● **Try it**
The copy must hold every line from the one with "Yesterday I did" through the end of the listing, word for word, and must hold no pictures.

● **Dataset extract**
*-*-*

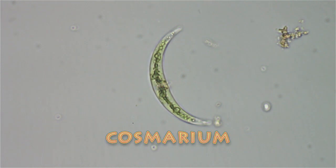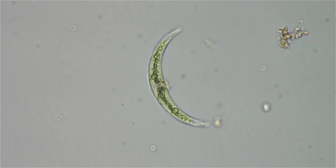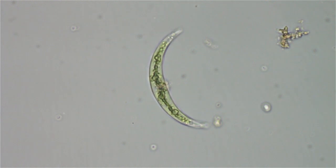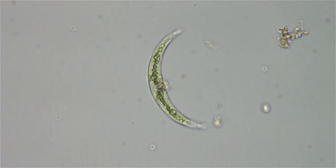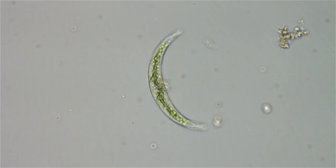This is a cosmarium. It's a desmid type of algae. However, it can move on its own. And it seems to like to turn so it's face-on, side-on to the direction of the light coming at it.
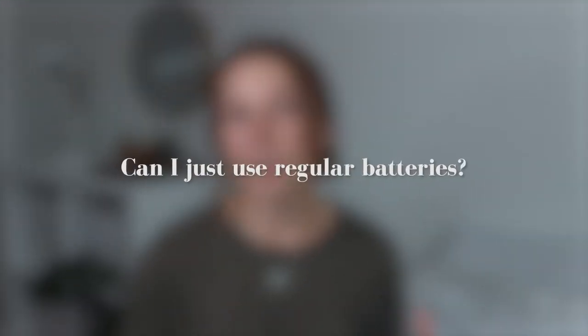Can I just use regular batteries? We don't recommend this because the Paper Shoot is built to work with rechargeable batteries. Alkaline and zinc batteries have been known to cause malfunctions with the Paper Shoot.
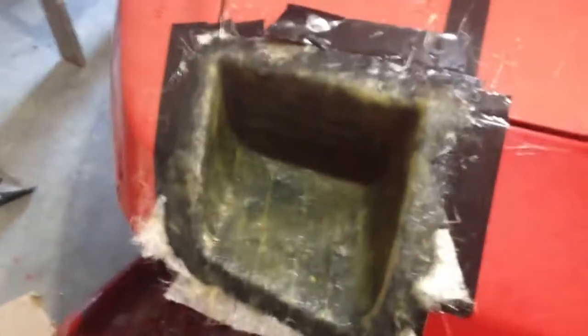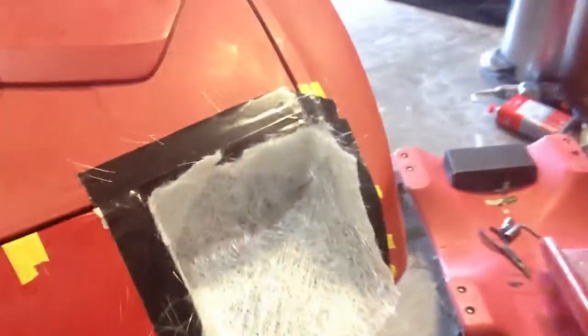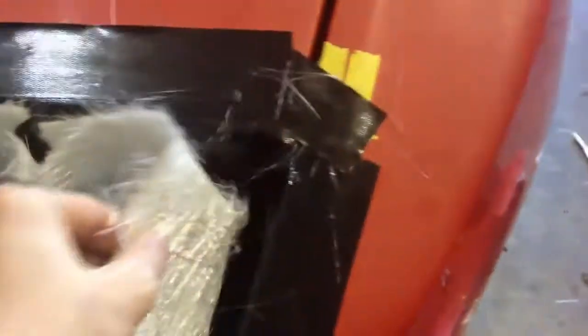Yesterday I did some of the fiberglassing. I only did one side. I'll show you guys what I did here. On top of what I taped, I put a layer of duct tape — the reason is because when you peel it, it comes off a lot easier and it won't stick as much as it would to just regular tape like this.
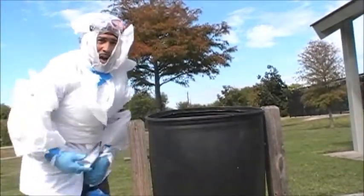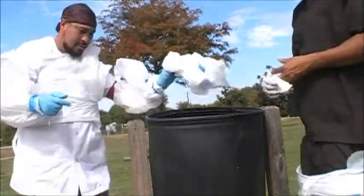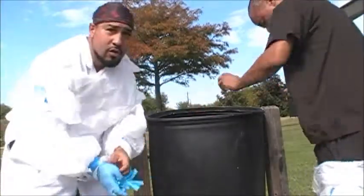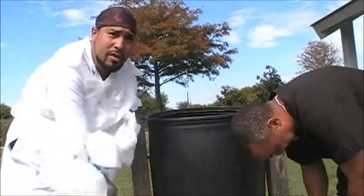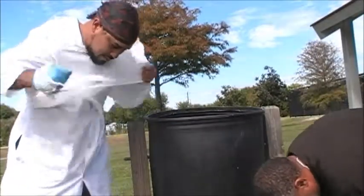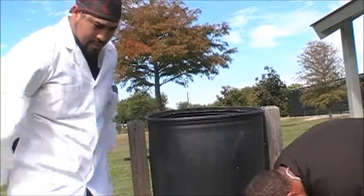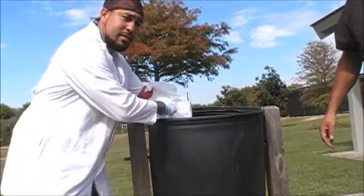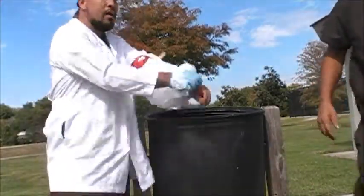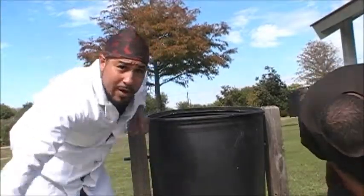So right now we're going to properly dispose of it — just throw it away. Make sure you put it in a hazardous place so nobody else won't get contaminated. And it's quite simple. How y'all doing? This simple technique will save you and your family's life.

*-*-*

● **Response below**
Yesterday I did some of the fiberglassing. I only did one side. I'll show you guys what I did here. On top of what I taped, I put a layer of duct tape — the reason is because when you peel it, it comes off a lot easier and it won't stick as much as it would to just regular tape like this.
So right now we're going to properly dispose of it — just throw it away. Make sure you put it in a hazardous place so nobody else won't get contaminated. And it's quite simple. How y'all doing? This simple technique will save you and your family's life.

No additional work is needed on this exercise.